> [WHAT THIS TASK INVOLVES] Only the lines below from the one that holds "𝑽𝒊𝒍𝒍𝒂 𝑪𝒂𝒍𝒚𝒔 !✨" through the one that holds "COLLISTAR UOMO CLEANSING SCRUB 100ML" should appear in the answer, copied exactly, end lines included and pictures omitted.

[Opening PROVIDED INFORMATION section]

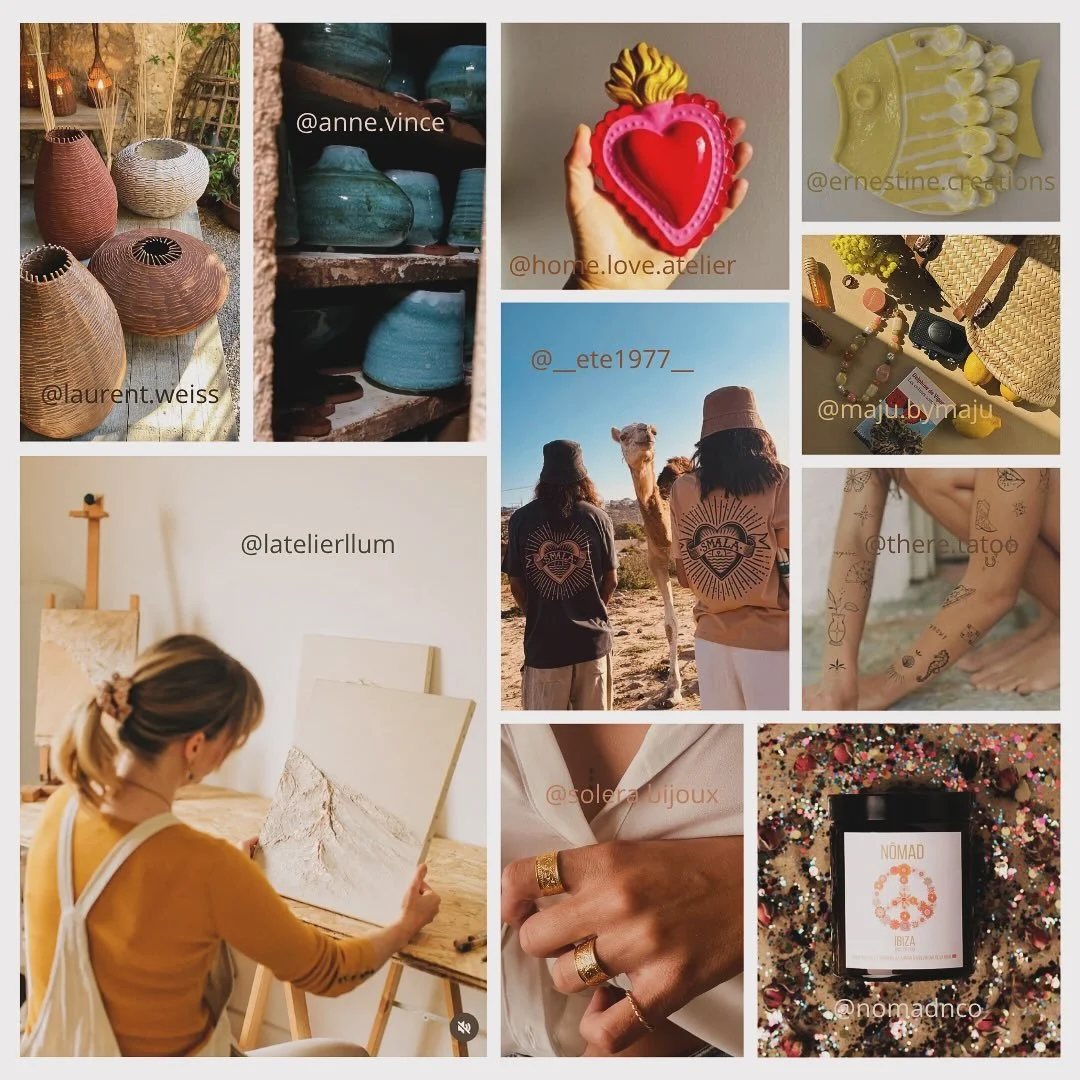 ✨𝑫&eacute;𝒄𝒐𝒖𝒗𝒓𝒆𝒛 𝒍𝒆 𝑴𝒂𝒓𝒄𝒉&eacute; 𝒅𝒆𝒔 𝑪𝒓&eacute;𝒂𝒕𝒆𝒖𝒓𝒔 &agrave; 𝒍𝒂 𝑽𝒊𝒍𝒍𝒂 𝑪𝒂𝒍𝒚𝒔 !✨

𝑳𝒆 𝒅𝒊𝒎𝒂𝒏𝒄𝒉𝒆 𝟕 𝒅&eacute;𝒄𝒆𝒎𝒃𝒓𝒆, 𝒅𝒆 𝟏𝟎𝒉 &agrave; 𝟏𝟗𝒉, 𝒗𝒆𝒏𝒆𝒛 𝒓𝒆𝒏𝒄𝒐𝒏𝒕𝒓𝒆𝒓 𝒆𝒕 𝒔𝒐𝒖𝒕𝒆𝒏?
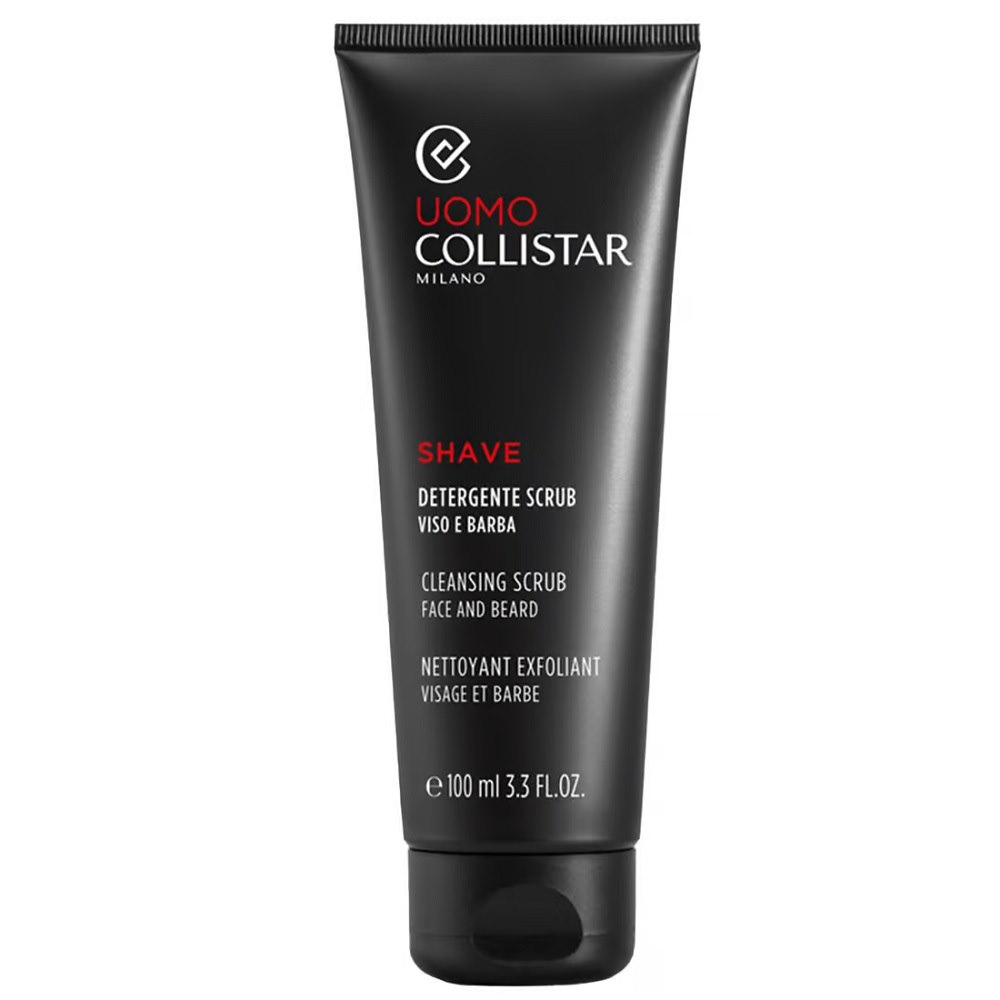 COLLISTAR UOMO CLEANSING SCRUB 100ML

[Closing PROVIDED INFORMATION section]
[Opening PROVIDED INFORMATION section]

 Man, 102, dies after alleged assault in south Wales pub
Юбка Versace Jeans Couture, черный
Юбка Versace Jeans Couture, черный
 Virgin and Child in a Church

[Closing PROVIDED INFORMATION section]
[Opening PROVIDED INFORMATION section]

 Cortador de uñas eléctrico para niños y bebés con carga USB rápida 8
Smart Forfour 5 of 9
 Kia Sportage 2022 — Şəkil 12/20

[Closing PROVIDED INFORMATION section]

> [ANSWER BELOW]
 ✨𝑫&eacute;𝒄𝒐𝒖𝒗𝒓𝒆𝒛 𝒍𝒆 𝑴𝒂𝒓𝒄𝒉&eacute; 𝒅𝒆𝒔 𝑪𝒓&eacute;𝒂𝒕𝒆𝒖𝒓𝒔 &agrave; 𝒍𝒂 𝑽𝒊𝒍𝒍𝒂 𝑪𝒂𝒍𝒚𝒔 !✨

𝑳𝒆 𝒅𝒊𝒎𝒂𝒏𝒄𝒉𝒆 𝟕 𝒅&eacute;𝒄𝒆𝒎𝒃𝒓𝒆, 𝒅𝒆 𝟏𝟎𝒉 &agrave; 𝟏𝟗𝒉, 𝒗𝒆𝒏𝒆𝒛 𝒓𝒆𝒏𝒄𝒐𝒏𝒕𝒓𝒆𝒓 𝒆𝒕 𝒔𝒐𝒖𝒕𝒆𝒏?
 COLLISTAR UOMO CLEANSING SCRUB 100ML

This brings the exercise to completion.